● ABOUT THIS TASK: Return all the data below as it stands, minus the pictures.

───── RECORDED INFORMATION ─────

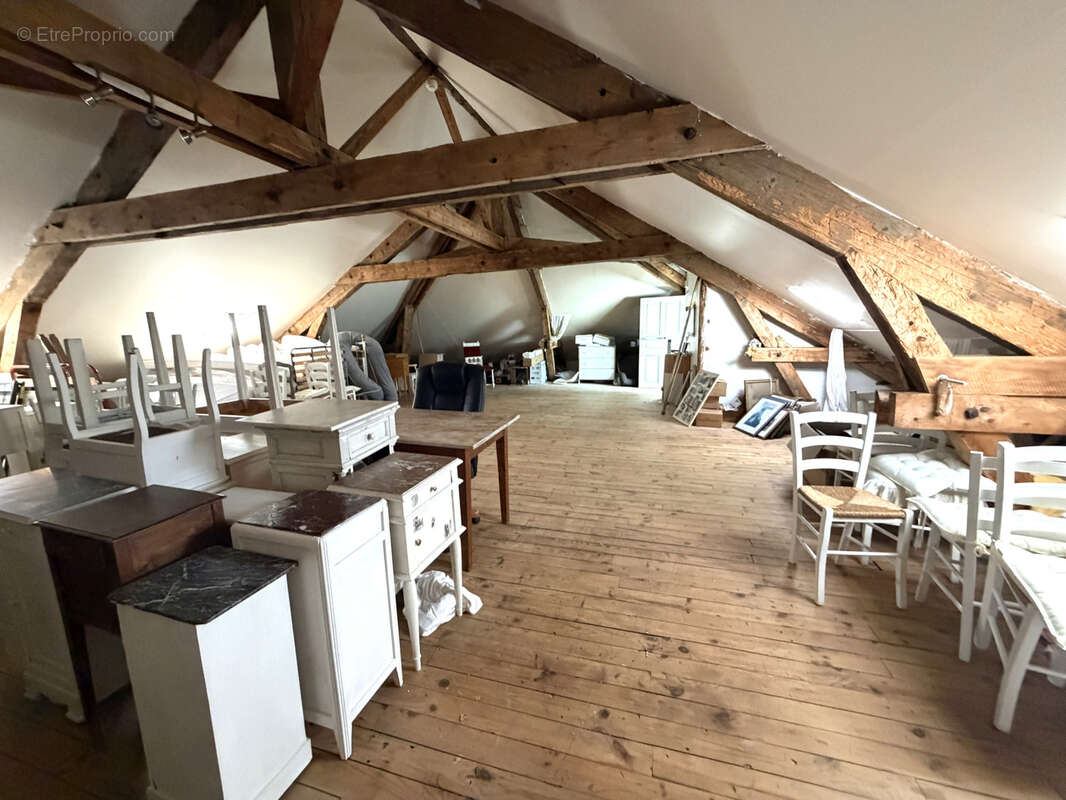 Appartement à EGLISENEUVE-D'ENTRAIGUES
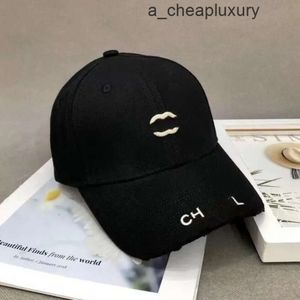 HAT CHAT HOMENS MAN CHAPOS CASUALMENTE CHATES DE DESIGNER SNAPBACK UNISSISEX Moda ao ar livre Feiia quente Carta Caps Sporty Caps Liness Channels KF96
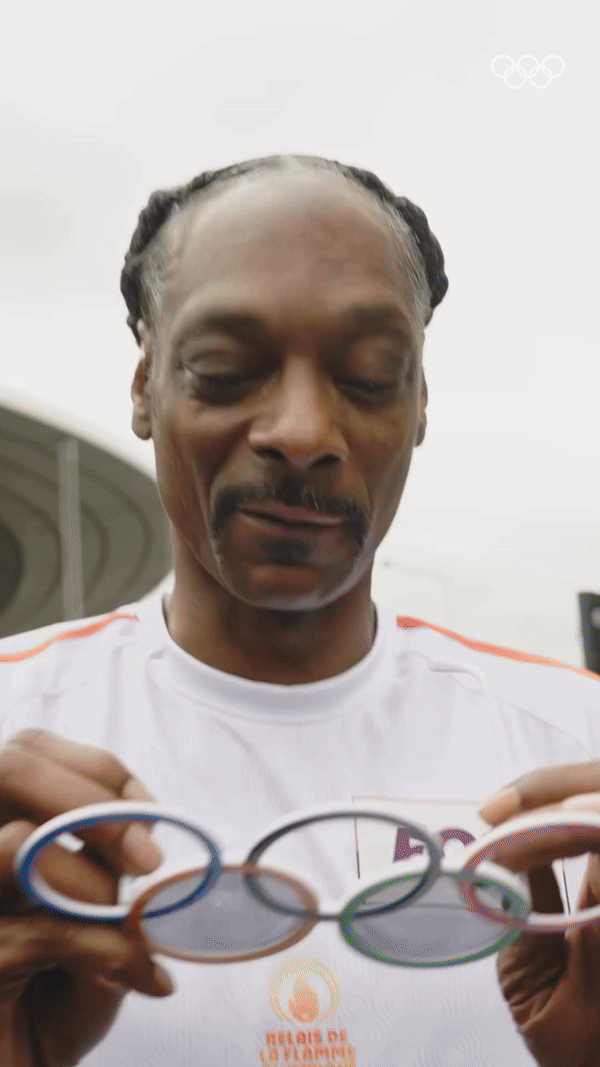Pogledajte Snoop Dogga koji nosi olimpijsku baklju – odmah će vam staviti osmijeh na lice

─────

● RESPONSE AREA:
 Appartement à EGLISENEUVE-D'ENTRAIGUES
 HAT CHAT HOMENS MAN CHAPOS CASUALMENTE CHATES DE DESIGNER SNAPBACK UNISSISEX Moda ao ar livre Feiia quente Carta Caps Sporty Caps Liness Channels KF96
Pogledajte Snoop Dogga koji nosi olimpijsku baklju – odmah će vam staviti osmijeh na lice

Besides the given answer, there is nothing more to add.